De âmbito praticamente sinfónico no que inclui de
mais elevado, este “Light Never Bright Enough” não abdica da víscera da
intimidade. Ou seja, nesta atuação gravada ao vivo a 9 de julho de 2016 no Cafe
Oto, em Londres, Haino e Butcher, figuras habitualmente isoladas naqueles recitais
em que se dão tensas autópsias ao solilóquio, aplicam-se a gerar enzimas capazes
de catalisar o que um e outro possuem de mais indigesto. O resultado – embora
se trate de uma característica algo anatemática no contexto da improvisação
livre – é profundamente narrativo, com Butcher, de repente, a deixar-se atrair
por aqueles acordes convulsos que Haino torce à guitarra como um
caça-tempestades das Grandes Planícies vai atrás de uma nuvem escura.
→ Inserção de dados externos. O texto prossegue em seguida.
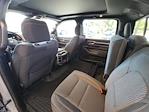 New 2023 Ram 1500 Big Horn Crew Cab 4x4 Pickup for sale #8244 - photo 10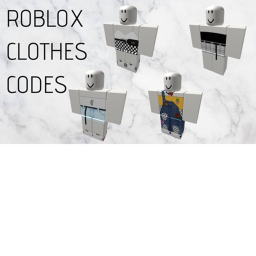 [NEW CLOTHES!] Roblox Shirt Shop [SS]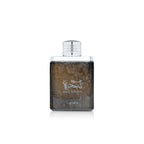 Lattafa Oud Najdia Eau De Parfum 100ml Spray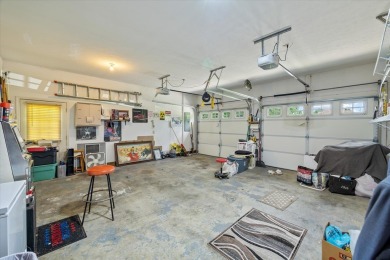 Welcome to this charming 3-bd, 2-ba brick home in the desirable on Southern Hills Golf and Country Club in Tennessee - for sale on GolfHomes.com, golf home, golf lot
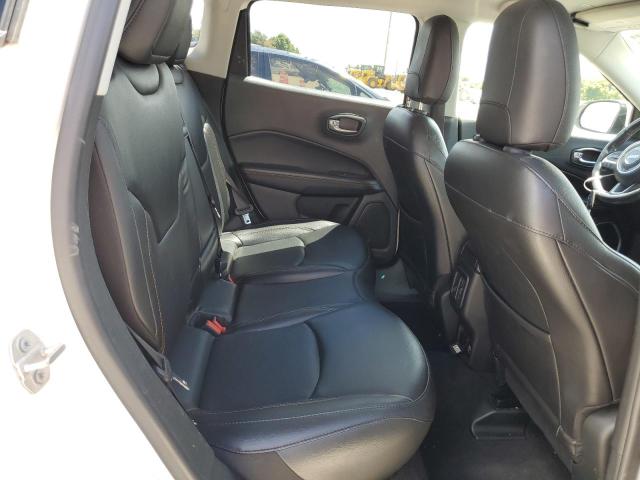 Photo 11 from auction – 2019 JEEP COMPASS LI with VIN 3C4NJCCB7KT793465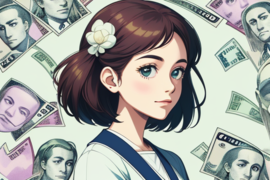 网上虚拟养鸡赚钱（养土鸡只卖蛋能不能赚钱）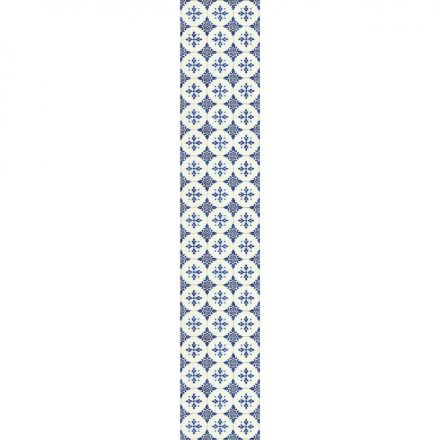 BAP68516006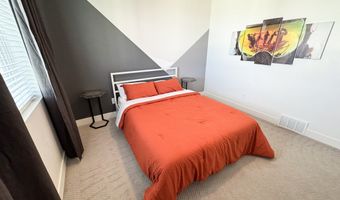 514 S 900 W, American Fork, UT 84003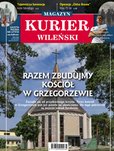 : Kurier Wileński (wydanie magazynowe) - 26/2019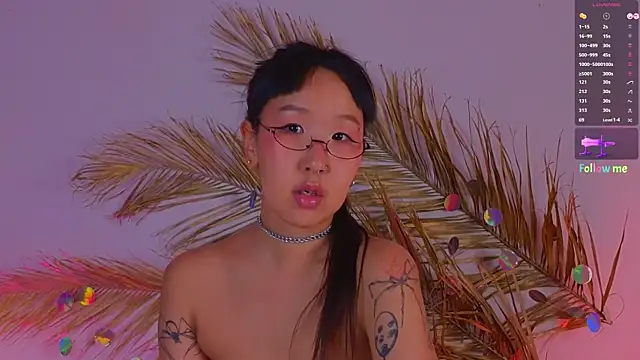 a11yson online show from 02.28.25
Como é
óbvio, alguém que os escutasse sem os ver teria dificuldade em conciliar som e
imagem, o que, de certo modo, em certas mentes, os reduziria a peões da arte
conceptual – mas na verdade há uma crueza tão táctil naquilo que fazem, que,
com franqueza, o mais estranho é Haino não ter ficado com os seus longos cabelos
eriçados em virtude da muita eletricidade que à sua volta acumulou.
Como se
costuma lembrar, teria a seu lado alguém equipado a escalpelar o fenómeno ao
pormenor: Butcher doutorou-se em Física antes de se dedicar a tempo inteiro à
música e supõe-se que alguma da sua curiosidade por partículas elementares se
terá transferido de uma disciplina à outra. Por sinal, será dos poucos com
propriedade para reconhecer o carácter infinitesimal daquilo que faz em palco,
o que, por sua vez, o tornará particularmente sensível às circunstâncias únicas
de cada concerto. Ouvi-lo com Haino implica imaginá-lo a lidar com um conjunto
inusitado de restrições: uma delas, porventura a mais inesperada mas também a
mais desarmante, dá-se quando, de súbito, o japonês tranca num pedal em
contínua repetição um desfigurado espectro tonal, larga a guitarra e se põe a
soprar num género de charamela chinesa – a seu lado, após uma pausa para
pensar, Butcher fecha os olhos, respira fundo e aceita compor com a aparição um
hino a vidas passadas. E, aí, ficam um só.